Когда обнаружилось, что Гингрич увлекается рыбной ловлей, они подружились, и Хемингуэй дал согласие публиковаться в его журнале «Эсквайр»: гонорар 250 долларов за небольшой текст на свободную тему. Впервые за 10 лет он вернулся к журналистике. Первый очерк (о ловле марлина) появился в журнале 1 августа 1933 года, а всего Хемингуэй в 1930-х написал для «Эсквайра» 26 текстов: почти все они, за редким исключением, посвящены охоте и спорту. По мнению Уилсона, «Эсквайр» Хемингуэя погубил – «высокомерный, воинственный и хвастливый тон», в каком написаны очерки, был «наихудшей личиной из всех, какие он надевал на себя».
На самом деле ничего высокомерного в эсквайровских очерках Хемингуэя нет. Он говорил, что не придавал значения этой работе, выполняемой ради денег, но старался писать «правдиво, интересно и без претензий». Так и получалось: интересно, правдиво и даже поэтично. О ловле рыбы с катера: «Рыба – существо удивительное и дикое – обладает невероятной скоростью и силой, а когда она плывет в воде или взвивается в четких прыжках, это – красота, которая не поддается никаким описаниям и чего бы ты не увидел, если бы не охотился в море. Вдруг ты оказываешься привязанным к рыбе, ощущаешь ее скорость, ее мощь и свирепую силу, как будто ты едешь на лошади, встающей на дыбы. Полчаса, час, пять часов ты прикреплен к рыбе так же, как и она к тебе, и ты усмиряешь, выезжаешь ее, точно дикую лошадь, и в конце концов подводишь к лодке». Он также описал случай, послуживший позднее сюжетом «Старика и моря»: «Старик не расставался с рыбой день и ночь и еще день и еще ночь, и все это время рыба плыла на большой глубине и тащила за собой лодку. Когда она всплыла, старик подтянул к ней лодку и ударил ее гарпуном. Привязанную к лодке, ее атаковали акулы, и старик боролся с ними совсем один в Гольфстриме на маленькой лодке. Он бил их багром, колол гарпуном, отбивал веслом, пока не выдохся, и тогда акулы съели все, что могли.

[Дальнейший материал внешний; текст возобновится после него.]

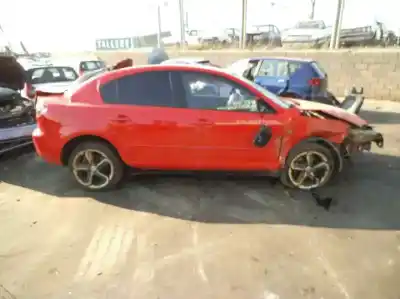 Veículo de Sucata mazda 3 berlina (bk) 2.0 crdt sportive do ano 2008 alimentado rf7j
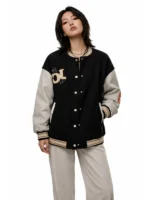 Twice JC University Varsity Jacket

Он рыдал, когда рыбаки подобрали его, полуобезумевшего от своей потери, а акулы все еще продолжали кружить вокруг лодки».

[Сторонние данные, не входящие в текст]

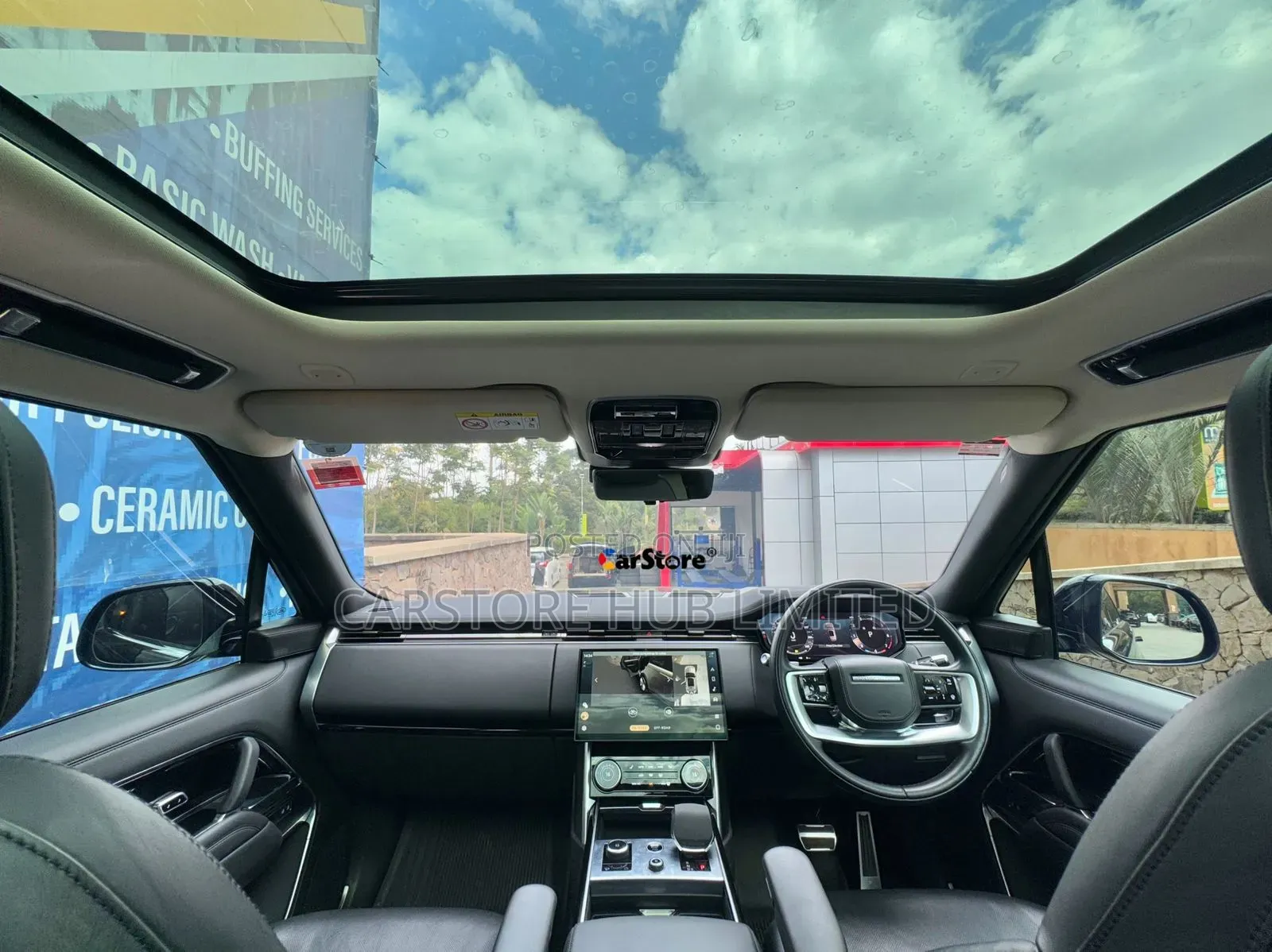 Land Rover Range Rover Vogue 2022 Black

Иногда он писал в «Эсквайр» о литературе и политике, например, предсказывал Вторую мировую в статье «Заметки о будущей войне»: «Было убито более семи миллионов, и убить значительно больше, чем семь миллионов, сегодня истерично мечтает бывший ефрейтор германской армии и бывший морфинист, сжигаемый личным и военным честолюбием в дурмане мрачного, кровавого, мистического патриотизма. Гитлеру не терпится развязать в Европе войну. Он бывший ефрейтор, и в этой войне он будет не воевать, а только произносить речи». Это нормальная качественная журналистика.